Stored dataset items
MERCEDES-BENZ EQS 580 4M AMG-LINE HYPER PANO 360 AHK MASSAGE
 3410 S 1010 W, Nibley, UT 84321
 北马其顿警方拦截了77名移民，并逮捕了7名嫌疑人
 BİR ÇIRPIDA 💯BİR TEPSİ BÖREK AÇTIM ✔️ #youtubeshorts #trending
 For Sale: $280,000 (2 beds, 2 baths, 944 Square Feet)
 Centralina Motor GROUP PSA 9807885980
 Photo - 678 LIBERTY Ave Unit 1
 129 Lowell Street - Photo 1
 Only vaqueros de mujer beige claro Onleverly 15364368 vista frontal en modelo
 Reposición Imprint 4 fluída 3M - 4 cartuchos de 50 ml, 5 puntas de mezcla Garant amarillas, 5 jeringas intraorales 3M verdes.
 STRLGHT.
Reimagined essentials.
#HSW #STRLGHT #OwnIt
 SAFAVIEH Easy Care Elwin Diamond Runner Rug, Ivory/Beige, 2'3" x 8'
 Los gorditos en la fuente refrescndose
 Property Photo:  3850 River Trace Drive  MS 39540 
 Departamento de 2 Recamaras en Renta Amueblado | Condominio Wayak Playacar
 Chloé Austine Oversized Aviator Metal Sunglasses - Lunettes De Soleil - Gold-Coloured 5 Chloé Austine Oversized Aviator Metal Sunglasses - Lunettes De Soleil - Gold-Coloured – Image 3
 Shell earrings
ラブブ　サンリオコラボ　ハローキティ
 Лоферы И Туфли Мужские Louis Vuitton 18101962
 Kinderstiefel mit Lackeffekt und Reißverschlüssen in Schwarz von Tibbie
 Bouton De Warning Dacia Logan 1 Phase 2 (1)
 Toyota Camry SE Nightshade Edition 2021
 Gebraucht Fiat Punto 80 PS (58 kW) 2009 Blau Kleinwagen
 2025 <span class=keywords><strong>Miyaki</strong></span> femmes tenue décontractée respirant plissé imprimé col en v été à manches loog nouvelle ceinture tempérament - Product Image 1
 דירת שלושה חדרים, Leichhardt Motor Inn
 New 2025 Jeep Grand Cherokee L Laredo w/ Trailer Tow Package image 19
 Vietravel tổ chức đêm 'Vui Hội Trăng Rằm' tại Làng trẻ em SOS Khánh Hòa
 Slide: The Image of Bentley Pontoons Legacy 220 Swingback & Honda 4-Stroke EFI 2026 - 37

### [Prompt]
Look above for the line holding "129 Lowell Street - Photo 1" and the line holding "New 2025 Jeep", then output exactly those two lines and every line between them, nothing more.

### [Exercise result]
 129 Lowell Street - Photo 1
 Only vaqueros de mujer beige claro Onleverly 15364368 vista frontal en modelo
 Reposición Imprint 4 fluída 3M - 4 cartuchos de 50 ml, 5 puntas de mezcla Garant amarillas, 5 jeringas intraorales 3M verdes.
 STRLGHT.
Reimagined essentials.
#HSW #STRLGHT #OwnIt
 SAFAVIEH Easy Care Elwin Diamond Runner Rug, Ivory/Beige, 2'3" x 8'
 Los gorditos en la fuente refrescndose
 Property Photo:  3850 River Trace Drive  MS 39540 
 Departamento de 2 Recamaras en Renta Amueblado | Condominio Wayak Playacar
 Chloé Austine Oversized Aviator Metal Sunglasses - Lunettes De Soleil - Gold-Coloured 5 Chloé Austine Oversized Aviator Metal Sunglasses - Lunettes De Soleil - Gold-Coloured – Image 3
 Shell earrings
ラブブ　サンリオコラボ　ハローキティ
 Лоферы И Туфли Мужские Louis Vuitton 18101962
 Kinderstiefel mit Lackeffekt und Reißverschlüssen in Schwarz von Tibbie
 Bouton De Warning Dacia Logan 1 Phase 2 (1)
 Toyota Camry SE Nightshade Edition 2021
 Gebraucht Fiat Punto 80 PS (58 kW) 2009 Blau Kleinwagen
 2025 <span class=keywords><strong>Miyaki</strong></span> femmes tenue décontractée respirant plissé imprimé col en v été à manches loog nouvelle ceinture tempérament - Product Image 1
 דירת שלושה חדרים, Leichhardt Motor Inn
 New 2025 Jeep Grand Cherokee L Laredo w/ Trailer Tow Package image 19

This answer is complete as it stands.